Hello,
I am using the limma package to detect differentially expressed probesets between three groups of samples (knockdown, rescue, and control). When I pass my topTable arguement, probesets with the same gene symbol identifier are returned which also have (near) identical fold changes + p.values. I would like to remove multiplicates of these probesets such that these genes are represented by only one probeset. I am unsure on how to proceed with the analysis - these probesets do not have different accession numbers and keeping multiples does not seem informative. Can anyone provide me with a means to remove these "extra" probesets or provide a reference to help me solve this issue? The code I am using is attached below as well as an example of the topTable results. Thanks for any help you can provide.
- Matt
library(limma)
design = model.matrix(~ 0 + f)
colnames(design)=c("control","morphant","rescue")
contrast.matrix <- makeContrasts(morphant-control,rescue-morphant,rescue-control,levels=design)
data.fit.con <- contrasts.fit(data.fit,contrast.matrix)
data.fit.eb <- eBayes(data.fit.con,trend=TRUE)
MOtabWT <- topTable(data.fit.eb,coef=1,number=Inf,adjust="BH",p.value=0.01,lfc=0.5)

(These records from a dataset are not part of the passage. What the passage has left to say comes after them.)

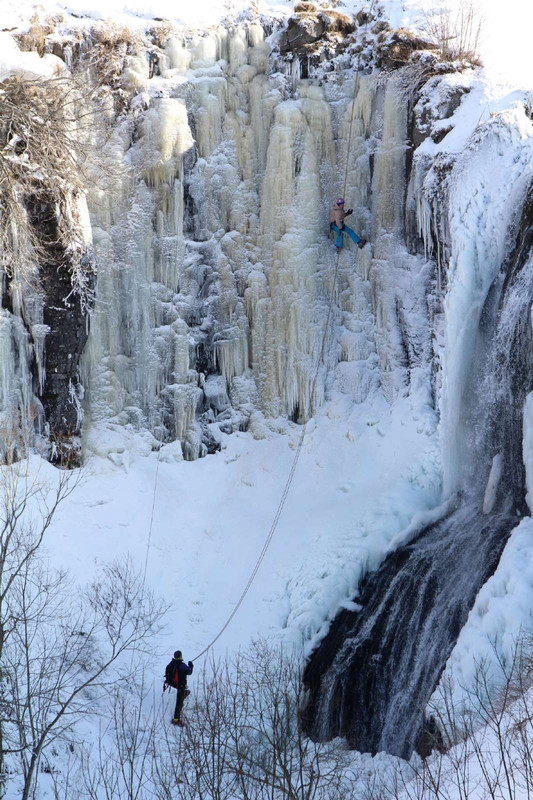 29883246-les-fondus-de-la-glace-3649960.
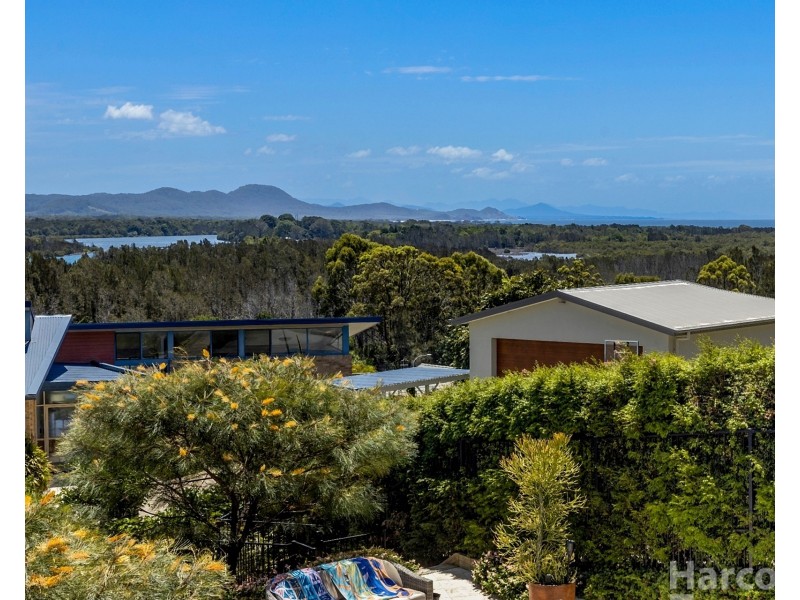 9 Grandview Parade, South West Rocks NSW 2431
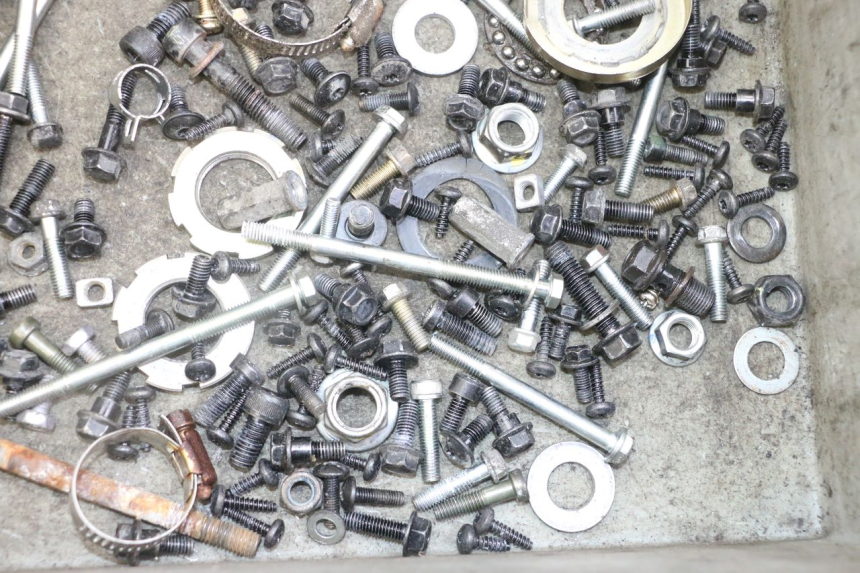 photo de BOLSA DE TORNILLERÍA TORNILLO PEUGEOT KISBEE 2T 50 (2018 - 2022) - Otra perspectiva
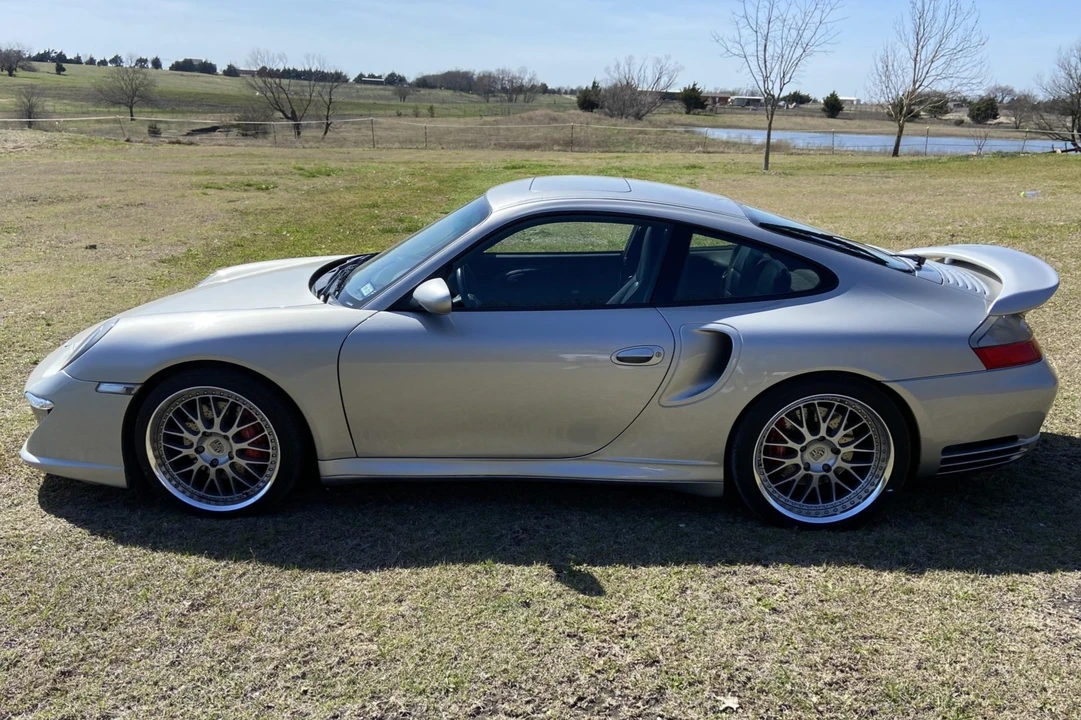 2002 Porsche 996 Turbo - Image 24 of 31
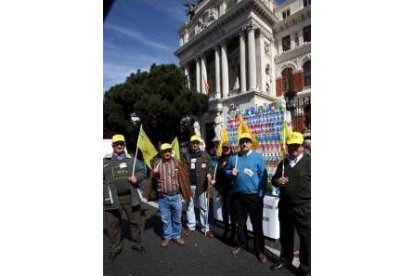 Un grupo de ganaderos leoneses, durante la protesta ayer en Madrid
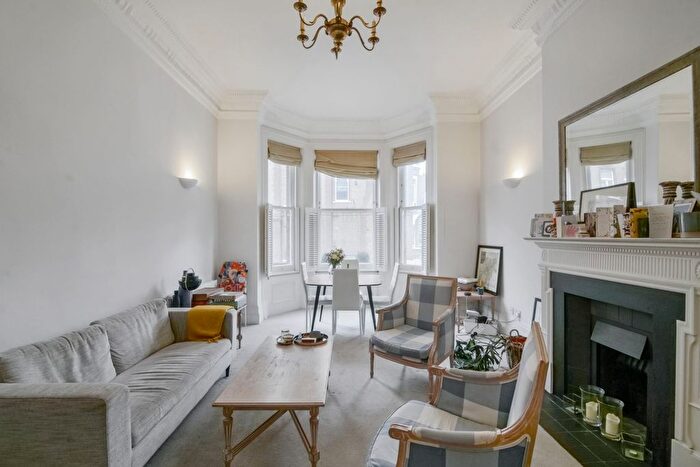 1 Bedroom Flat For Sale In Rosary Gardens, SW7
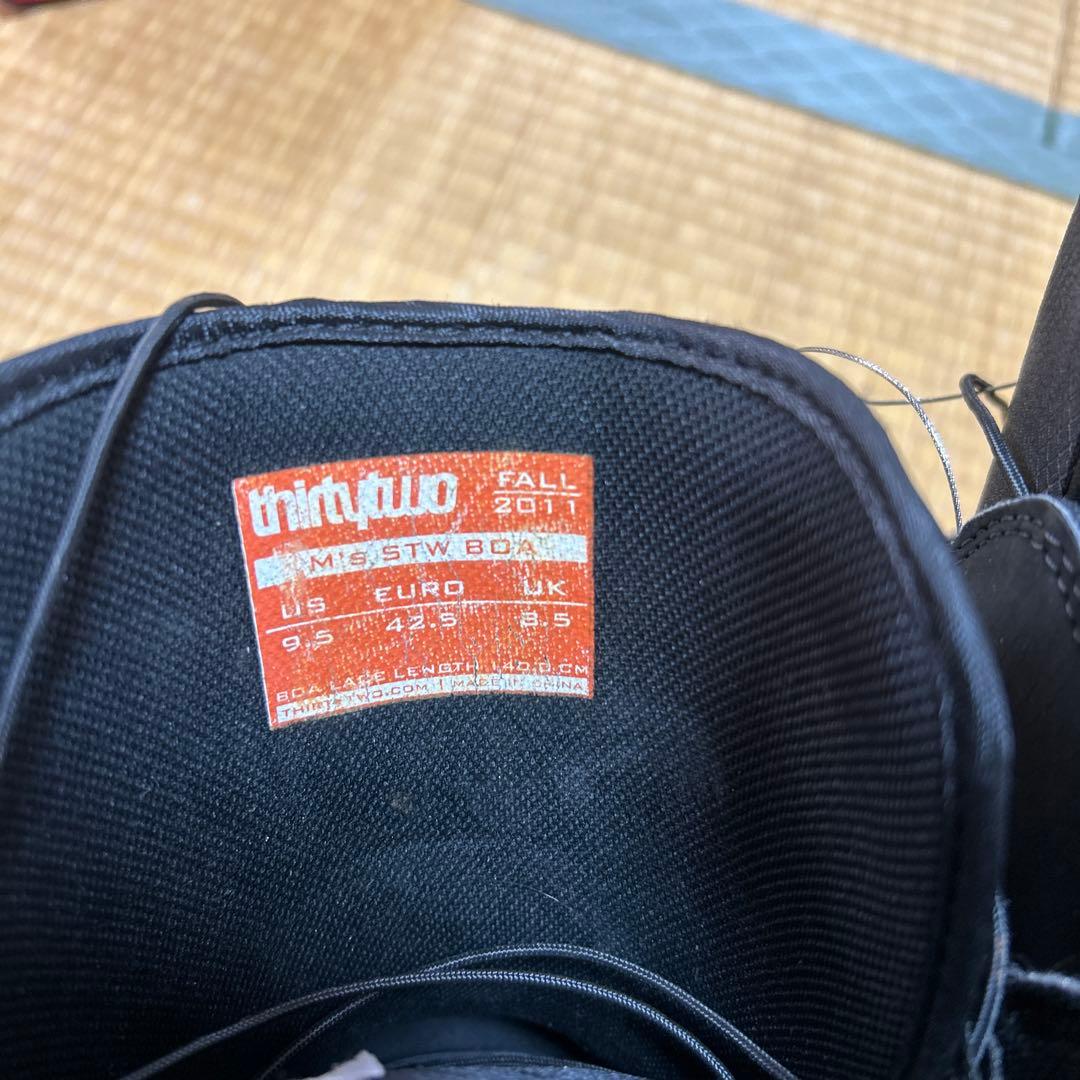 32 ThirtyTwo スノーボードブーツ　EURO 42.5サイズ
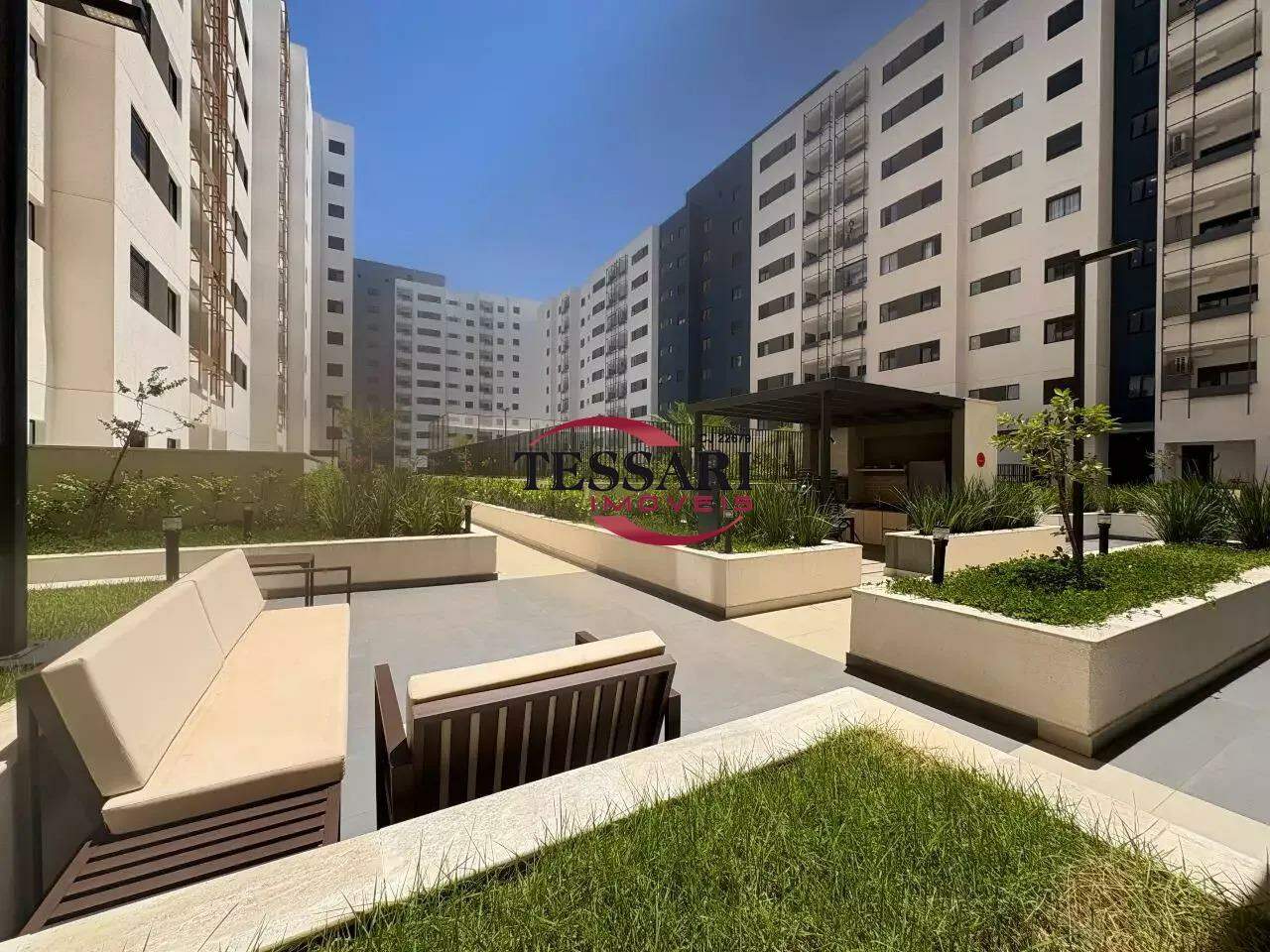 Apartamento com 3 quartos à venda, 68m² — foto 1 de 21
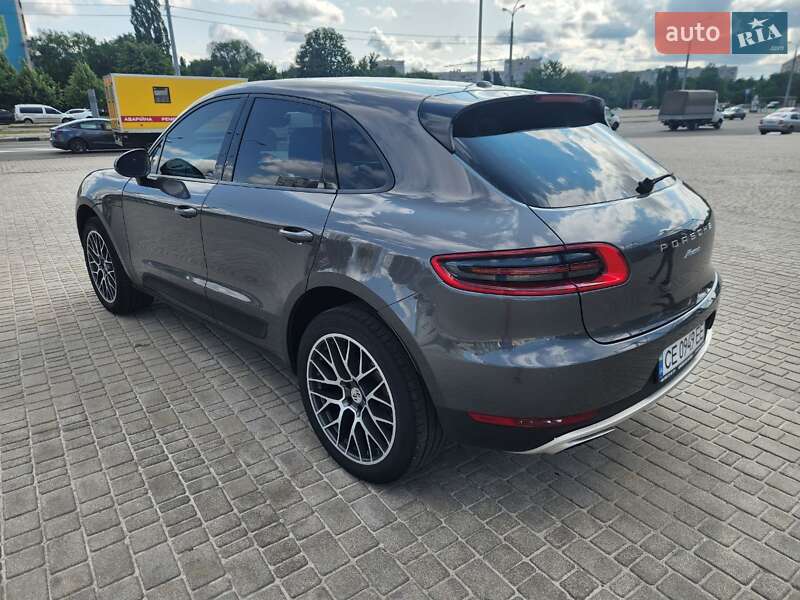 Внедорожник / Кроссовер Porsche Macan 2018 в Киеве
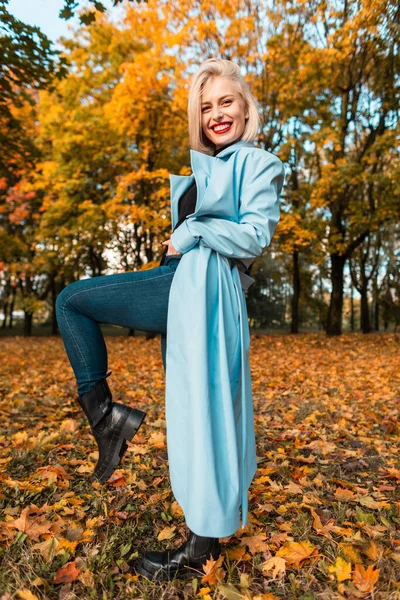 Щаслива Красива Молода Усміхнена Дівчина Модному Одязі Синім Пальто Джинсами — стокове фото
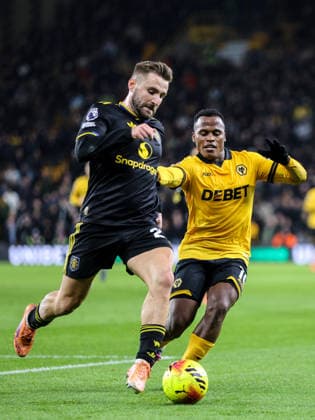 Luke Shaw (23 Manchester United, ManU intercepts the ball during the Premier League football match between Wolverhampton Wanderers and Manchester United at Molineux stadium in Wolverhampton, England Copyright: xNataliexMincher SPPx Sportspressphoto_SPR72391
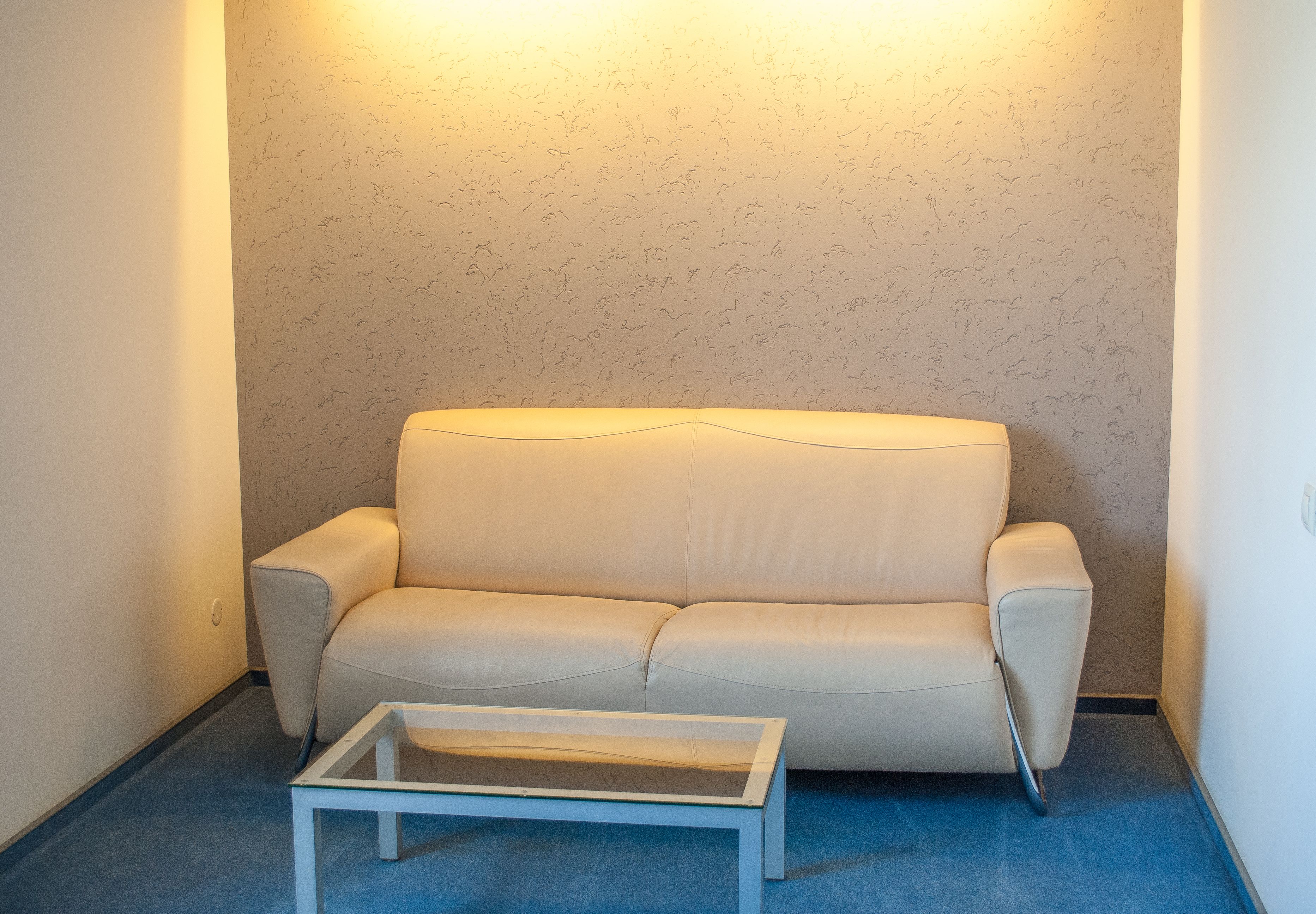 Studio | Olohuone | 24–tuumainen televisio, jossa kaapelikanavat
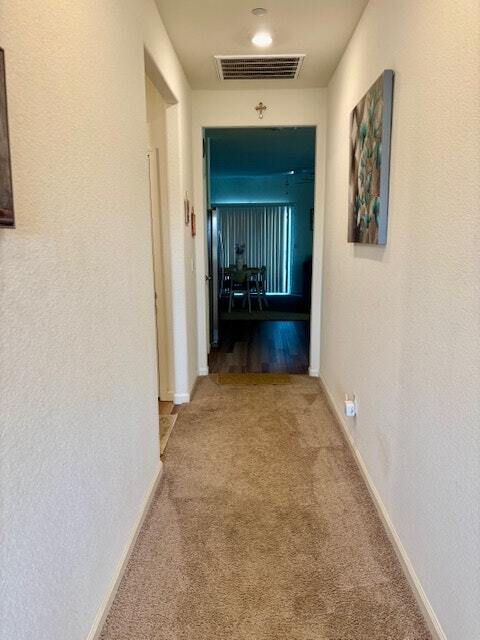 Building Photo - 10424 Skynyrd Way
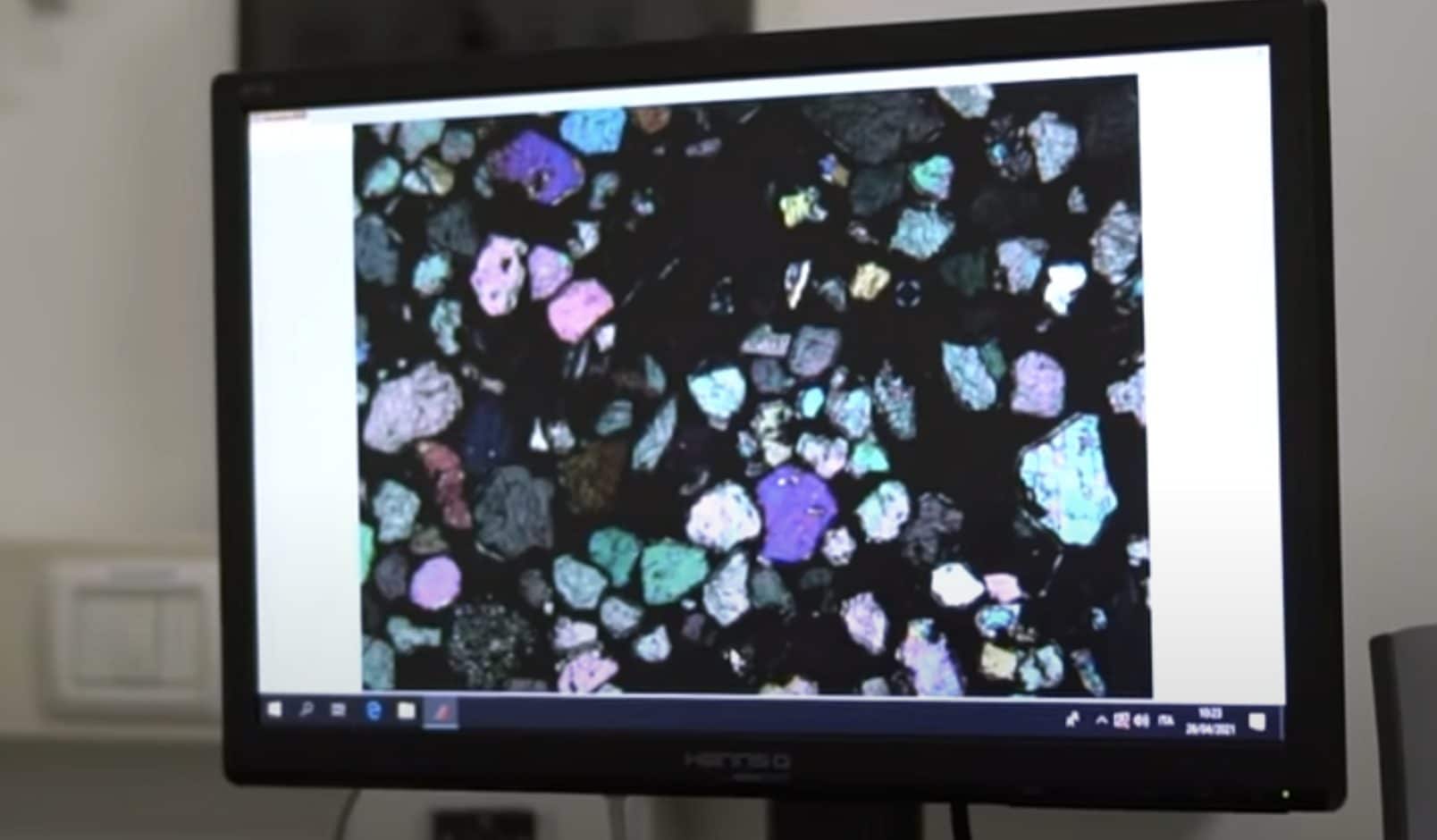 microscope pétrographique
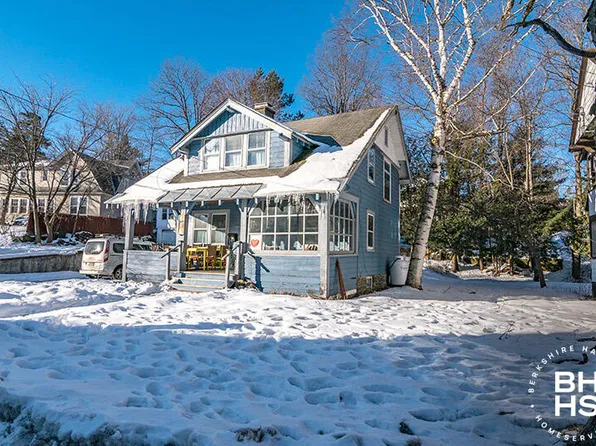 103 Franklin Ave, Saranac Lake, NY 12983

PROBEID | ID | SYMBOL | GENENAME | ENTREZID | logFC | AveExpr | t | P.Value | adj.P.Val | B |
13217667 | BC067708 | aamp | angio-associated, migratory cell protein | 405874 | 0.81886 | 6.472058 | 5.203286 | 8.44E-05 | 0.003206 | 1.561555 |
13063164 | NM_001044310 | aars | alanyl-tRNA synthetase | 324940 | 1.755493 | 8.443648 | 8.862132 | 1.33E-07 | 5.31E-05 | 7.861228 |
13282364 | BC074030 | abca4a | ATP-binding cassette, sub-family A (ABC1), member 4a | 798993 | -1.12315 | 5.229148 | -6.05818 | 1.59E-05 | 0.001102 | 3.2049 |
13284182 | BC074030 | abca4a | ATP-binding cassette, sub-family A (ABC1), member 4a | 798993 | -1.12315 | 5.229148 | -6.05818 | 1.59E-05 | 0.001102 | 3.2049 |
13079785 | XM_678031 | abca4b | ATP-binding cassette, sub-family A (ABC1), member 4b | 555506 | -1.30577 | 5.217277 | -5.98837 | 1.82E-05 | 0.001187 | 3.074387 |
13156949 | NM_001172647 | abcc8 | ATP-binding cassette, sub-family C (CFTR/MRP), member 8 | 553281 | -0.88072 | 6.273975 | -4.98922 | 0.00013 | 0.004351 | 1.135853 |
13075730 | BC068351 | abcf1 | ATP-binding cassette, sub-family F (GCN20), member 1 | 406467 | 1.968939 | 7.719813 | 4.911665 | 0.000152 | 0.004842 | 0.980408 |
13018254 | BC139542 | abcg1 | ATP-binding cassette, sub-family G (WHITE), member 1 | 556979 | -0.74389 | 4.904658 | -4.57459 | 0.000304 | 0.007725 | 0.298189 |
13161486 | BC124444 | abhd2b | abhydrolase domain containing 2b | 559290 | -0.87335 | 5.137598 | -4.58277 | 0.000299 | 0.007636 | 0.314847 |
13281306 | ENSDART00000143986 | ABI3BP (2 of 2) | ABI family, member 3 (NESH) binding protein | #N/A | -1.2779 | 5.590848 | -5.43329 | 5.34E-05 | 0.002326 | 2.013004 |
13276814 | ENSDART00000133367 | ablim1b | actin binding LIM protein 1b | 541550 | 0.892601 | 8.408559 | 6.322132 | 9.69E-06 | 0.000794 | 3.692016 |
13276806 | ENSDART00000133367 | ablim1b | actin binding LIM protein 1b | 541550 | 0.839638 | 8.040964 | 4.526412 | 0.000336 | 0.008245 | 0.199901 |
Can you please explain what microarray platform this is and how it has been processed? For most microarray platforms it is virtually impossible to get identical results for two different probes, as you seem to have here, even if they relate to the same gene.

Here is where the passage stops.